A daily ELT pipeline that writes weather data for Orlando, New York, and San Francisco to BigQuery. The transformations/business logic are then done in BigQuery, and a view is created - this view would be used as a basis for any BI layer.
- get_weather_data
- Pulls down data from the https://www.weatherapi.com/ API (free is for me), flattens out that data, creates a dataframe, and renames some of the columns in that dataframe - BQ wasn't a gigantic fan of the raw column names.
- create_bq_dataset
- For whatever reason if there wasn't already a dataset created, this will either confirm one exists or create it if it doesn't. My thought was that if a dataset somehow got deleted this would account for that scenario.
- upload_to_gcs
- Writes the dataframe to a parquet file and uploads that file to a bucket in Google Cloud Storage. The bucket has a year/month/day structure to it - in case some days needed to be backfilled or even if the whole table was dropped, having the raw data already accessible should help speed up backfills.

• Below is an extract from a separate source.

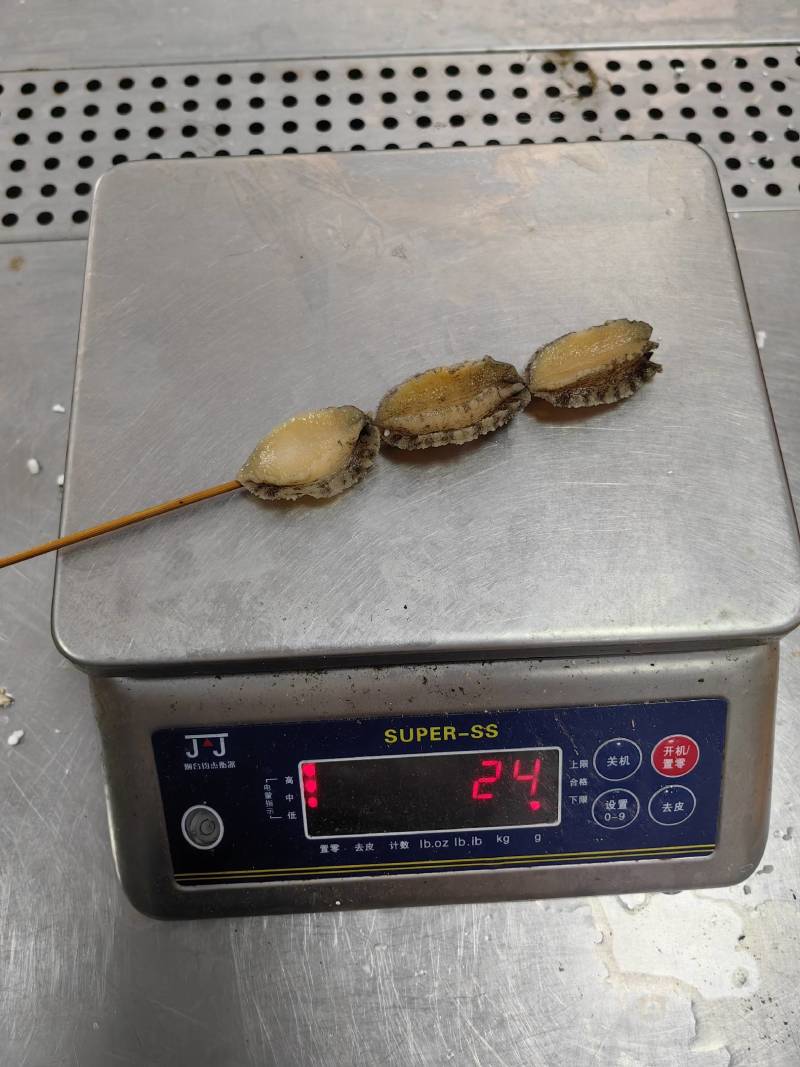 鲍鱼串鲍鱼串串鲍鱼批发鲍鱼肉全规格支持定制贴牌生产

- create_or_update_bq_table
- Requirements can change a lot from what I've seen, so this block was a way to account for schema changes in the dataframe. It updates the table in BQ so if there were additions it can still be successfully written to it, or just confirms it's the same. Also will create the table if it doesn't exist, gets dropped, etc.
- load_data_to_bigquery
- Loads the daily partition from GCS to BQ and appends it to the table. While I was testing this function locally I was of course running into the issue where the data would append and duplicate if I ran it multiple times, so added logic that checks if data for that date already exists and skips the load if it does.